• **DIRECTIONS**
Below, locate the line that contains "Monster Truck Jam Tee". Repeat exactly from that line to the line that contains "Alfa Romeo Stelvio", inclusive, leaving out the pictures.

• **RECORDED INFORMATION**

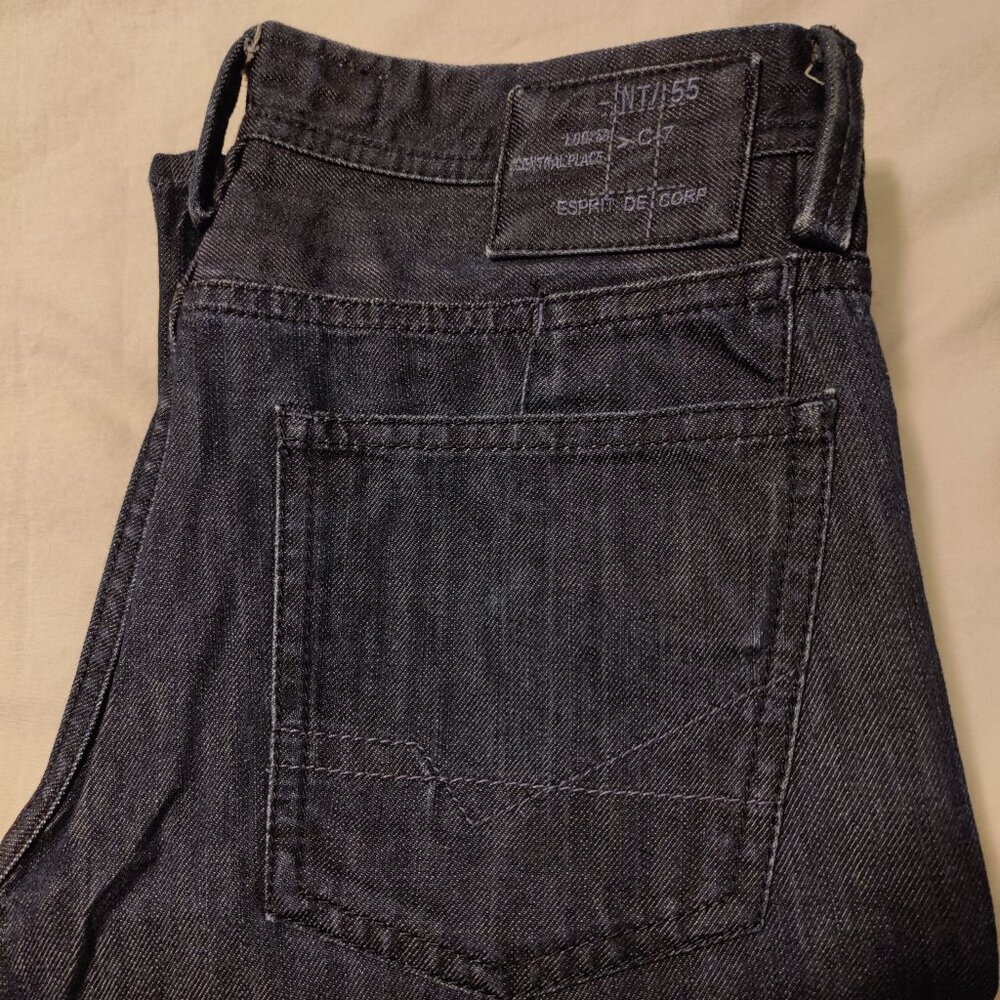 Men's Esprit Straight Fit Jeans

...

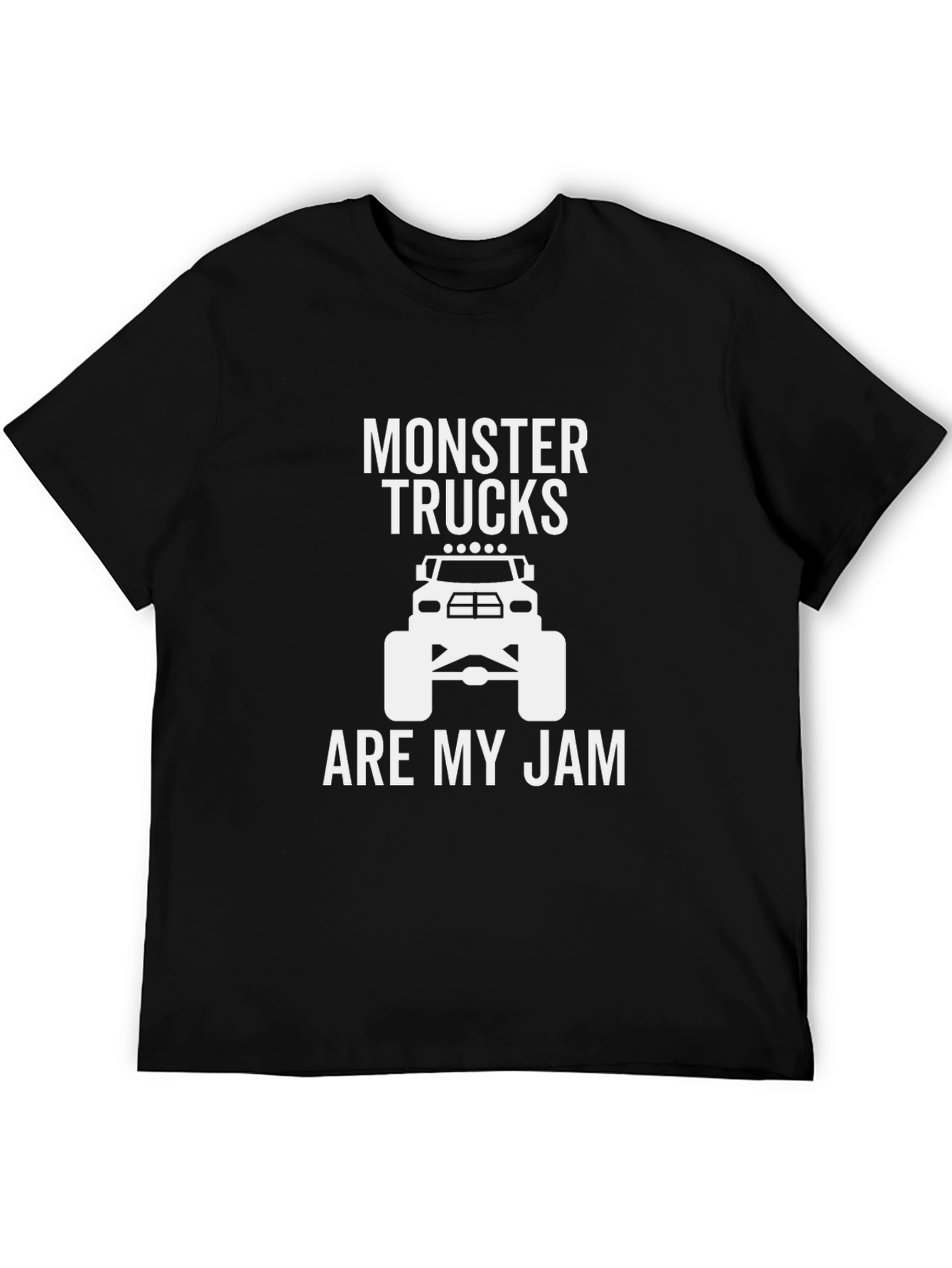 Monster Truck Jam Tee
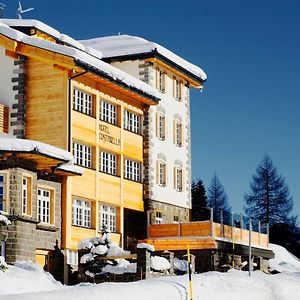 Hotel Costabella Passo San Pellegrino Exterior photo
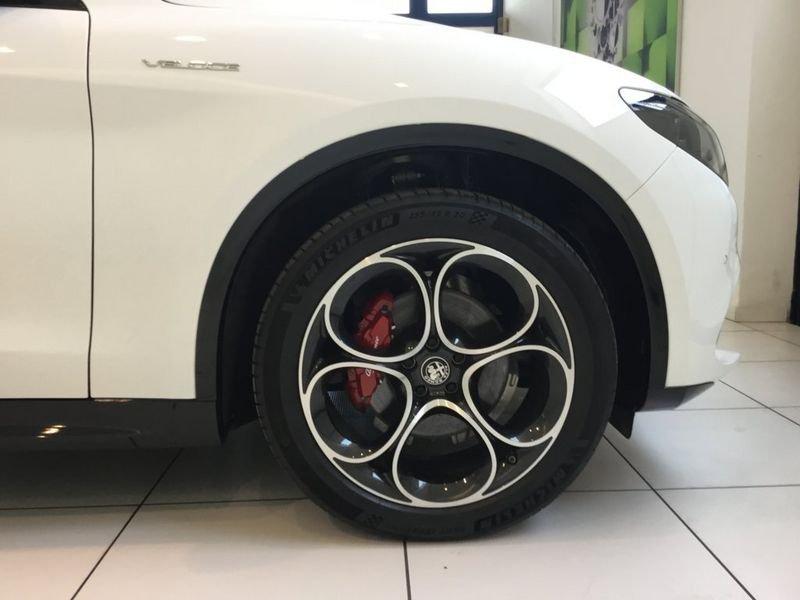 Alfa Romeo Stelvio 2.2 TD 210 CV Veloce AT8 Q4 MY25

• **RESPONSE TO THE TASK**
 Monster Truck Jam Tee
 Hotel Costabella Passo San Pellegrino Exterior photo
 Alfa Romeo Stelvio 2.2 TD 210 CV Veloce AT8 Q4 MY25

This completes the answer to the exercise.